Fun in the Sun

As the cold November winds prepare to blast us into winter, wouldn’t you like to fly away to a land of perpetual sunshine? Someplace like Maui?

Well,  two dozen California legislators have packed their swim trunks and sunscreen and have flown to Maui.  These lucky folks are being treated to a five-day conference at the Fairmont Kea Lani Hotel in Wailea,  where the rooms cost $350 per night. But they won’t see a bill. Their expenses ($2500 per lawmaker) are being paid by  a non-profit called the Independent Voter Project.  Who are they? They include:

Occidental Petroleum and the Western States Petroleum Association

Eli Lilly

the Altria tobacco firm

the California Cable and Telecommunications Association

the State prison guards union 

the California Distributors’ Association tobacco and other products).

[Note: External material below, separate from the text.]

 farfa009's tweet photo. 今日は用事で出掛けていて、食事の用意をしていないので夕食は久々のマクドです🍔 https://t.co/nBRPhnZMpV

Just to make sure our legislators get enough rest, a mini-conference from Nov 19-23 will be held just down the road at the Grand Wailea. The sponsor is the Pacific Policy Research Foundation whose supports include Eli Lilly (again), PG&E, and Amgen.

Who attends these gatherings? That’s a semi-secret but legislators from both parties routinely show up as well as power brokers like former assembly speaker John Perez. The only people who don’t get a seat are you and me. Patrick McGreevy lays it out in the LA Times.  

Every year they have these elitist parties with the public left out and every year people bitch about it, but here we are again. And Jerry Brown,  who doesn’t make many mistakes, vetoed a bill  that would have required nonprofits that pay for legislators’ travel to meetings like this, to disclose their donors.

But what good does disclosure do? These people have no shame.  Next year they’ll do it again. Even with a series of recent scandals, they’ll do it again unless someone stops them. Write to Mike McGuire, write to Jim Wood, join California Common Cause.

Maybe next year we should crash the party? Or at least get them to hold it in-state?  Box lunches at the Wharfinger should be good enough for those who are really doing the people’s business.